Scraped caption text data
==================================================

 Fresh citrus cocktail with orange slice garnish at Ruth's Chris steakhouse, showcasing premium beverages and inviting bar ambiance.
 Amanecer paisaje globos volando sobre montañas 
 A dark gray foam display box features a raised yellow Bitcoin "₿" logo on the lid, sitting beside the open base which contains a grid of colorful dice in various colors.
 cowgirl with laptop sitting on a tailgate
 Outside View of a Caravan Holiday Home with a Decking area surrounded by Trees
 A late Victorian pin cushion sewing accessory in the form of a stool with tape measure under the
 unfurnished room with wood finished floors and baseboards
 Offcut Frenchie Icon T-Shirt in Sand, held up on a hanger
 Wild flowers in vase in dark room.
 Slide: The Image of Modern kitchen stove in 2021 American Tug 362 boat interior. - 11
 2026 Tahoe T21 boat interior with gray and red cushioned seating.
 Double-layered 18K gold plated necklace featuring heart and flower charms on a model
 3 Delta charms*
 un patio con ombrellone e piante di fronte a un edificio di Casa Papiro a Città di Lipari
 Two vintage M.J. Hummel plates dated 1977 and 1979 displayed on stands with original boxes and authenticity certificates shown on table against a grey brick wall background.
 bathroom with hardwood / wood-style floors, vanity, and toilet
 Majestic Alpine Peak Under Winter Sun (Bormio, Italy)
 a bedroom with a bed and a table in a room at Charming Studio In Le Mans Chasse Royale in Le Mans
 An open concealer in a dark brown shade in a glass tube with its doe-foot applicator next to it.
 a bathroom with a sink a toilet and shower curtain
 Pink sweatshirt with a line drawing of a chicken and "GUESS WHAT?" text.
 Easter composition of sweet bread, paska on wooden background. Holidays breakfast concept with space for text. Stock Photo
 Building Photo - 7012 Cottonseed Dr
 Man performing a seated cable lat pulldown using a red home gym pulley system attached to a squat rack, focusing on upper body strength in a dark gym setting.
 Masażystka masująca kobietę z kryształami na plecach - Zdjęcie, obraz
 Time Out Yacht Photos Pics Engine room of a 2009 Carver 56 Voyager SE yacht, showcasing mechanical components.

==================================================

In full and without deviation, reproduce the entries above.

 Fresh citrus cocktail with orange slice garnish at Ruth's Chris steakhouse, showcasing premium beverages and inviting bar ambiance.
 Amanecer paisaje globos volando sobre montañas 
 A dark gray foam display box features a raised yellow Bitcoin "₿" logo on the lid, sitting beside the open base which contains a grid of colorful dice in various colors.
 cowgirl with laptop sitting on a tailgate
 Outside View of a Caravan Holiday Home with a Decking area surrounded by Trees
 A late Victorian pin cushion sewing accessory in the form of a stool with tape measure under the
 unfurnished room with wood finished floors and baseboards
 Offcut Frenchie Icon T-Shirt in Sand, held up on a hanger
 Wild flowers in vase in dark room.
 Slide: The Image of Modern kitchen stove in 2021 American Tug 362 boat interior. - 11
 2026 Tahoe T21 boat interior with gray and red cushioned seating.
 Double-layered 18K gold plated necklace featuring heart and flower charms on a model
 3 Delta charms*
 un patio con ombrellone e piante di fronte a un edificio di Casa Papiro a Città di Lipari
 Two vintage M.J. Hummel plates dated 1977 and 1979 displayed on stands with original boxes and authenticity certificates shown on table against a grey brick wall background.
 bathroom with hardwood / wood-style floors, vanity, and toilet
 Majestic Alpine Peak Under Winter Sun (Bormio, Italy)
 a bedroom with a bed and a table in a room at Charming Studio In Le Mans Chasse Royale in Le Mans
 An open concealer in a dark brown shade in a glass tube with its doe-foot applicator next to it.
 a bathroom with a sink a toilet and shower curtain
 Pink sweatshirt with a line drawing of a chicken and "GUESS WHAT?" text.
 Easter composition of sweet bread, paska on wooden background. Holidays breakfast concept with space for text. Stock Photo
 Building Photo - 7012 Cottonseed Dr
 Man performing a seated cable lat pulldown using a red home gym pulley system attached to a squat rack, focusing on upper body strength in a dark gym setting.
 Masażystka masująca kobietę z kryształami na plecach - Zdjęcie, obraz
 Time Out Yacht Photos Pics Engine room of a 2009 Carver 56 Voyager SE yacht, showcasing mechanical components.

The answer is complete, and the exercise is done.